E il derby molla alla Lazio anche quel distacco dalla Roma salito ora a 8 punti: orizzonti lontani tra chi è a un gradino dal vertice e chi ora teme di rimanere avvinghiato nelle spire anonime di una classifica cortissima. E poi i gol subiti. Ne sono arrivati altri due, così in totale diventano 20: solo il Carpi ha fatto peggio (24). E poi, secondo il calendario, il derby ha portato un'altra sconfitta esterna: la quinta in sei gare in trasferta. Ma questo dato è l'ultimo a poter essere chiamato in causa in un derby come questo. "Abbiamo commesso degli errori altrimenti non avremmo perso sei partite. Ci vuole più attenzione, a volte abbiamo avuto limiti tecnici" riconosce Pioli che, oltre a tutto quello che c'era da dire sul rigore, punta il dito sulle omissioni della sua squadra. "C'era tutto il tempo per riprendere la partita. Non si può subire un secondo gol in quel modo. Le nostre responsabilità ci sono tutte". E il tecnico ha precisato: "Io sono il primo responsabile in questo momento". Ora c'è la pausa del campionato per progettare il rilancio. "Conosco solo un modo: lavorare a testa bassa, parlare poco e parlare con risultati". Pioli ha già pronte le parole per analizzare nello spogliatoio il flop contro la Roma. "Saprò cosa dire alla squadra". L'occasione perduta per il gran salto si avverte immediatamente. "Il derby era molto importante, il risultato negativo ci complica la situazione...". Per diventare grandi.
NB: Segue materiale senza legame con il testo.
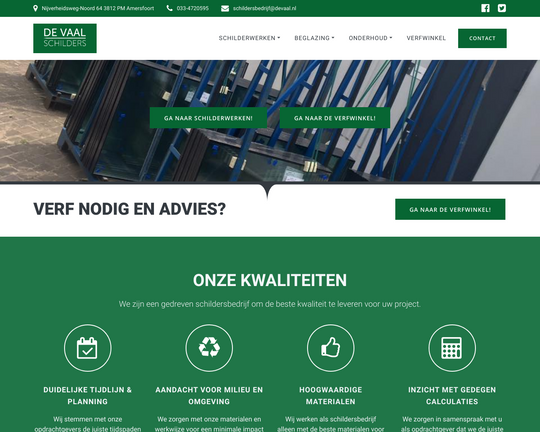 De Vaal Schilderwerken Logo
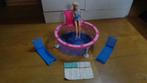 Zwembad met barbiepop van barbie, Enlèvement, Comme neuf, Barbie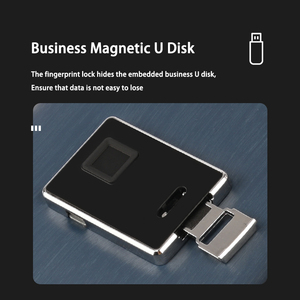 Bloqueo de código secreto Tamaño A5 Notebook Inalámbrico 16GB Unidad USB Logotipo de luz brillante personalizado Banco de energía de cuero PU diario Organizador de oficina - Product Image 5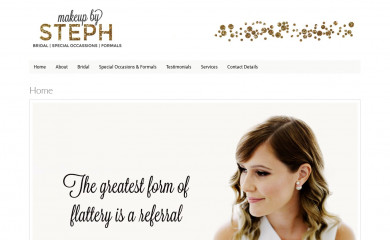 makeupbysteph.com.au screenshot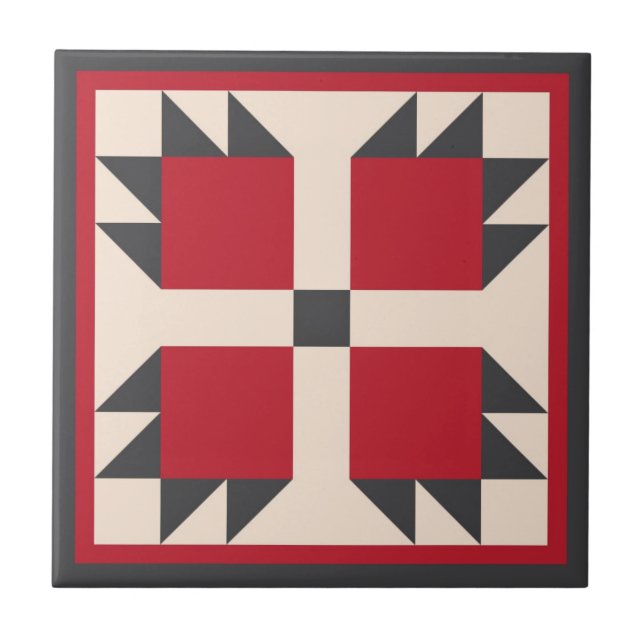 Azulejo Edredón Trivet - bloque de los binturong (Frente)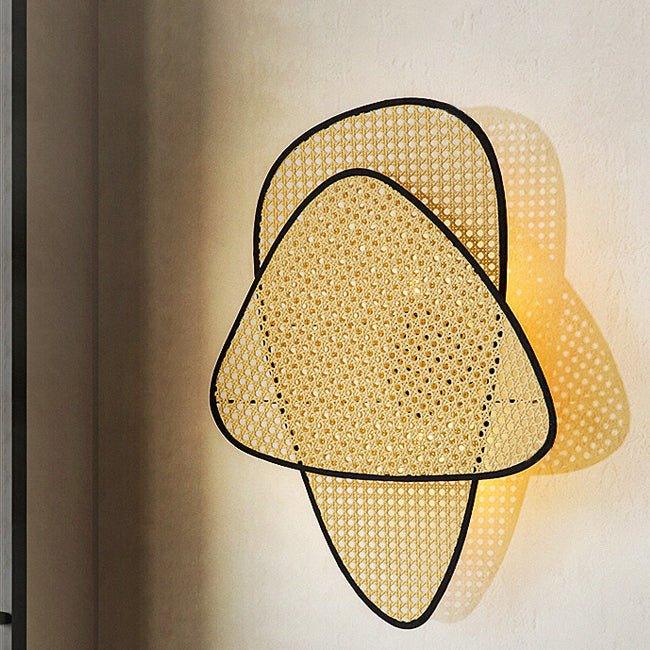 Anjuna Rattan Bamboo Wall Light - DWHOME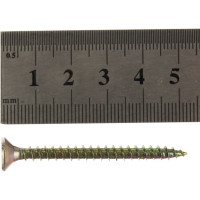 Шуруп Качественный КРЕПЕЖ желтый цинк 4,5x50, 130 шт. 0300487 КЧ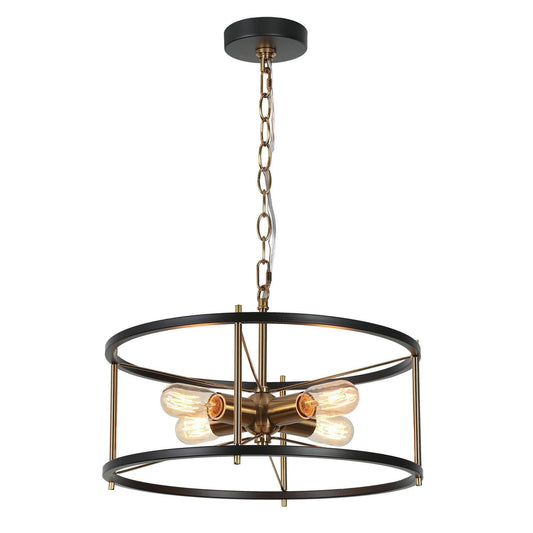 Lerwickiss 4-Light Small Black Chandelier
Quel programma di vita che ora sembra esser diventato un'ossessione. Perché quell'appuntamento col proprio destino sfugge sistematicamente a questa Lazio. Lo dicono gli occhi di Biglia, l'espressione di Klose al fischio finale del secondo derby perso in sei mesi. E la faccia incupita di Pioli dinanzi a un futuro che continua a non svelarsi a questa Lazio.